Tool for splitting white and black moves into diff. files?

Discussion of anything and everything relating to chess playing software and machines.

Moderators: hgm, Rebel, chrisw

User avatar
Guenther
Posts: 4605
Joined: Wed Oct 01, 2008 6:33 am
Location: Regensburg, Germany
Full name: Guenther Simon

Tool for splitting white and black moves into diff. files?

Post by Guenther »

Does such a tool exist? I would like to do some stats on a test sample, which needs the moves separated per player for better usage.
The stats will be done on eval/depth/time info, thus it should keep those of course.

Guenther
https://rwbc-chess.de

trollwatch:
Chessqueen + chessica + AlexChess + Eduard + Sylwy
Dann Corbit
Posts: 12538
Joined: Wed Mar 08, 2006 8:57 pm
Location: Redmond, WA USA

Re: Tool for splitting white and black moves into diff. file

Post by Dann Corbit »

You can turn a PGN game into EPD records.
For instance, pgn2fen can do this.
Like this:
pgn2fen pgnfile.pgn -e -l > epdfile.epd

Then you can easily pick out the moves by color by filtering on the records.
You could use grep or sed or python or whatever you are comfortable with.
For instance:

grep " w " epdfile.epd > white.epd
grep " b " epdfile.epd > black.epd
Taking ideas is not a vice, it is a virtue. We have another word for this. It is called learning.
But sharing ideas is an even greater virtue. We have another word for this. It is called teaching.
User avatar
Guenther
Posts: 4605
Joined: Wed Oct 01, 2008 6:33 am
Location: Regensburg, Germany
Full name: Guenther Simon

Re: Tool for splitting white and black moves into diff. file

Post by Guenther »

Dann Corbit wrote:You can turn a PGN game into EPD records.
For instance, pgn2fen can do this.
Like this:
pgn2fen pgnfile.pgn -e -l > epdfile.epd

Then you can easily pick out the moves by color by filtering on the records.
You could use grep or sed or python or whatever you are comfortable with.
For instance:

grep " w " epdfile.epd > white.epd
grep " b " epdfile.epd > black.epd
Hi Dann, this won't help me, because I am practically only interested in score/depth/time info for each move to follow the right player.
The move itself is not interesting for my stats, just the move number.

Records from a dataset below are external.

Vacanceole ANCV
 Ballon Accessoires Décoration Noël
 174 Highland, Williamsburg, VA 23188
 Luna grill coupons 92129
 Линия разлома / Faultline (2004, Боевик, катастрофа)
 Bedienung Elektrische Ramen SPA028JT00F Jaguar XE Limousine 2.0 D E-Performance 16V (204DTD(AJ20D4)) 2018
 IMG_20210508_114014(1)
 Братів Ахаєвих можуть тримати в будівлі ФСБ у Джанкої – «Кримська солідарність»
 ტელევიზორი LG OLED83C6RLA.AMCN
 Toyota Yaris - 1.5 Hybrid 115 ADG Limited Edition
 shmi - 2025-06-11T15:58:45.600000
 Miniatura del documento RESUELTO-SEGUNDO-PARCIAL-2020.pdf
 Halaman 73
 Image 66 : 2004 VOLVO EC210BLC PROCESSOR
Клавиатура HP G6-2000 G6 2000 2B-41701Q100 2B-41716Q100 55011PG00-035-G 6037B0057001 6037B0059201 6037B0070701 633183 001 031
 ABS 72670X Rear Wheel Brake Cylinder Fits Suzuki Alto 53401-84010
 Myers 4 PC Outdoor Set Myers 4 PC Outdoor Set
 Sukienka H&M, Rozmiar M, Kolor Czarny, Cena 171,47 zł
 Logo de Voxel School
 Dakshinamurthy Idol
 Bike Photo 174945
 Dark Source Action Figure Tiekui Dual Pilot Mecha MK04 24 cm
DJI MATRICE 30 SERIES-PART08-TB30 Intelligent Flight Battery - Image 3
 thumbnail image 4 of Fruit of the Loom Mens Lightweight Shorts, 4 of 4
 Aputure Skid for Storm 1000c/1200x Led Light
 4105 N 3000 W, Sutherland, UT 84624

I think Ferdinand once showed an example which had such an output,
but this was in preparation for a tool which is not released yet.
https://rwbc-chess.de

trollwatch:
Chessqueen + chessica + AlexChess + Eduard + Sylwy
User avatar
Ajedrecista
Posts: 1968
Joined: Wed Jul 13, 2011 9:04 pm
Location: Madrid, Spain.

Re: Tool for splitting white and black moves into diff. file

Post by Ajedrecista »

Hello Guenther:
Guenther wrote:Hi Dann, this won't help me, because I am practically only interested in score/depth/time info for each move to follow the right player.
The move itself is not interesting for my stats, just the move number.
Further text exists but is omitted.